Even though most modern data science applications and projects rely heavily on AI systems, a future where data delivers beneficial outcomes with little to no harm depends on the actions of the whole data science field. Data science is a multi-step process that starts with identifying the problem before any data is analyzed. Then, it involves acquiring, cleaning, modeling, and preparing data for analysis. Communication of insights is also an important step that includes visualization, summarization, and presentation. Negative consequences can arise in any phase of the process. A more subtle concern is that even the most well-intentioned model can still result in detrimental outcomes if supplied with biased or faulty data [12]. Each step must be developed with safeguards, human oversight, and consistent evaluation. Every action requires careful consideration, from acquiring data to delivering the final results, which are data themselves.

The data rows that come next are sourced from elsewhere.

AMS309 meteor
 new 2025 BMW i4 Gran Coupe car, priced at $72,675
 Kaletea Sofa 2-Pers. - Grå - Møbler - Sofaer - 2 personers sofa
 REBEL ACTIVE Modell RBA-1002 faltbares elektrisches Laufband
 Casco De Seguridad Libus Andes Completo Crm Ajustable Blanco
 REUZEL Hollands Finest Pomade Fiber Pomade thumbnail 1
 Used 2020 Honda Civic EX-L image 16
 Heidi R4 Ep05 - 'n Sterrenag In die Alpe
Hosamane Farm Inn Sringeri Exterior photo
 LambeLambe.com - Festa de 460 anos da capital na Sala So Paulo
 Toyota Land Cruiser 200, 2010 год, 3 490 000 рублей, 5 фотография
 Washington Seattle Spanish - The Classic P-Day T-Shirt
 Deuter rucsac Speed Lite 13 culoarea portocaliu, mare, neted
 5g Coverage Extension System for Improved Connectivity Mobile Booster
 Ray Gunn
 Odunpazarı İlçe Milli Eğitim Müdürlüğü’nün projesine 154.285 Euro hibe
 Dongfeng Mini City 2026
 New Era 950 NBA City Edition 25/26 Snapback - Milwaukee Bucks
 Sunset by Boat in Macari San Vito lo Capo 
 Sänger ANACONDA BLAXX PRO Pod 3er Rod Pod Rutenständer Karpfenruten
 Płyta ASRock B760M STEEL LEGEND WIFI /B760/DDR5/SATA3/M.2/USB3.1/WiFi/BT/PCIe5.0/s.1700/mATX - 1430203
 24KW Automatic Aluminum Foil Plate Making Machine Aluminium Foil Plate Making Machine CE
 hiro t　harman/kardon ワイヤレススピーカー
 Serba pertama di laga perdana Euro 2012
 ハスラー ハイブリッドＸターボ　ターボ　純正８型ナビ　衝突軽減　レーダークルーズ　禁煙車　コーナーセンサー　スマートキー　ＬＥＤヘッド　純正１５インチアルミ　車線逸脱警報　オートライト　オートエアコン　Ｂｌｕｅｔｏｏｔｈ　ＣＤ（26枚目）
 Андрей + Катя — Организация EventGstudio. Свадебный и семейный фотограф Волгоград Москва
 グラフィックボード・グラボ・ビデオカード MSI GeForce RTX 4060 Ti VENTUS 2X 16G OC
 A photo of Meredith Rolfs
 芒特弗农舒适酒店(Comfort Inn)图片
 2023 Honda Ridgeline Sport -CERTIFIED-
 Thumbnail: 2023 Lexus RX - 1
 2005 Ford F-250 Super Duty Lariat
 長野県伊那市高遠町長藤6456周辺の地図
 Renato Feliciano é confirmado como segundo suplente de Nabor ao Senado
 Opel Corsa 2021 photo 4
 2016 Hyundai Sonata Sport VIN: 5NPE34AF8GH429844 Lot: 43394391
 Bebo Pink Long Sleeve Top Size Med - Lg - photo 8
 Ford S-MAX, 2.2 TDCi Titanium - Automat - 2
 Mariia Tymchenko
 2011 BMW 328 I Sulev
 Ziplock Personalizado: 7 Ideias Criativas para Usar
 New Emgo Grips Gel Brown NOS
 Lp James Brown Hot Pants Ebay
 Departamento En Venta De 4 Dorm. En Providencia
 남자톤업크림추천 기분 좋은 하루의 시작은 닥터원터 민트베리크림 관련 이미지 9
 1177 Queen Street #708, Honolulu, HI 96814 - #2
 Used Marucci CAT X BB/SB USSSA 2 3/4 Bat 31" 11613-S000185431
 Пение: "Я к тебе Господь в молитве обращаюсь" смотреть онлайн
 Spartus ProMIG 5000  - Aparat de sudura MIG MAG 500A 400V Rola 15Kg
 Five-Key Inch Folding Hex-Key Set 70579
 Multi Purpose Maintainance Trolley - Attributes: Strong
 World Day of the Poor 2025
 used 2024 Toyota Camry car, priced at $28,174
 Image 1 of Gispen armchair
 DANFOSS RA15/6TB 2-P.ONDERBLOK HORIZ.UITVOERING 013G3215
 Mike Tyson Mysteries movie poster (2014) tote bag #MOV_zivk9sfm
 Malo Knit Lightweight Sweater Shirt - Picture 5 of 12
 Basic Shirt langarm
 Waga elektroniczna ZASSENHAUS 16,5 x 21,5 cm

RDS expands the scope of responsible practices beyond just AI systems to encompass the entire data science process. Ensuring beneficial outcomes depends on responsible actions throughout project scope, data acquisition, preparation, analysis, and communication. By bringing together academic experts, seasoned data science professionals, and the founding members of its board, the Data Science Alliance has defined fairness, transparency, privacy, and veracity as the core foundational pillars of responsible data science. Paramount across the four principles is a broad effort to prevent harm. It is also important to clarify that where AI and data science intersect, RAI principles and practices are assimilated and upheld under RDS. To ensure that RDS is not just an idea, but a practice, the Data Science Alliance developed the free Framework for Responsible Data Science Practices to help data practitioners incorporate the principles of RDS into their day-to-day projects [4].
RDS and RAI are distinct but complementary in their effort to harness the power of data for the common good. While RAI focuses on developing intelligent systems that align with human-centric principles, RDS examines responsible data practices across the entire data lifecycle. Both are critical to maximizing societal benefits as data science and AI advance. By collaborating to embed RAI within RDS, stakeholders—from academics to companies and everything in between—can help these powerful technologies flourish while upholding human dignity. With principled guardrails and human oversight guiding the way, data science and AI can transform society for the better.